[[ Records shown open ]]
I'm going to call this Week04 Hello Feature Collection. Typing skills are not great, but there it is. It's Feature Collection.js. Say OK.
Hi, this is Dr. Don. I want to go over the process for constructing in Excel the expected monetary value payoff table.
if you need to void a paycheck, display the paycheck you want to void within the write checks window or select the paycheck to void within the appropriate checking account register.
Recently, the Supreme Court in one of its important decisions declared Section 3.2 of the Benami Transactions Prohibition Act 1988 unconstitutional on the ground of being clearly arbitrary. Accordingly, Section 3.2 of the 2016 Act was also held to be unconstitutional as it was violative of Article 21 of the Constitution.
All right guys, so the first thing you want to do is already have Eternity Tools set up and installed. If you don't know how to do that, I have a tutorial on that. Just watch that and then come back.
[[ Records shown closed ]]
[[ Records shown open ]]
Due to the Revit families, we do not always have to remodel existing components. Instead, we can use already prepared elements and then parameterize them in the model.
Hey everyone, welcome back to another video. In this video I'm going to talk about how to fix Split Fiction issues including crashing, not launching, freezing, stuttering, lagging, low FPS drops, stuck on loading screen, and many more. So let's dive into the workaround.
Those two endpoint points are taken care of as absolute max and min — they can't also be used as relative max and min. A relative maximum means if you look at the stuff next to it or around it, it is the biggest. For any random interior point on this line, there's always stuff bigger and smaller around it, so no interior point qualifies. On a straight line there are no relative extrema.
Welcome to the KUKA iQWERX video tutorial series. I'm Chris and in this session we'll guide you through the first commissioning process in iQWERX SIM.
[[ Records shown closed ]]
Task description => Would you retype exactly the lines above, from the line with "Recently, the Supreme" to the line with "All right guys, so", with both end lines kept and nothing more?

Worked solution =>
Recently, the Supreme Court in one of its important decisions declared Section 3.2 of the Benami Transactions Prohibition Act 1988 unconstitutional on the ground of being clearly arbitrary. Accordingly, Section 3.2 of the 2016 Act was also held to be unconstitutional as it was violative of Article 21 of the Constitution.
All right guys, so the first thing you want to do is already have Eternity Tools set up and installed. If you don't know how to do that, I have a tutorial on that. Just watch that and then come back.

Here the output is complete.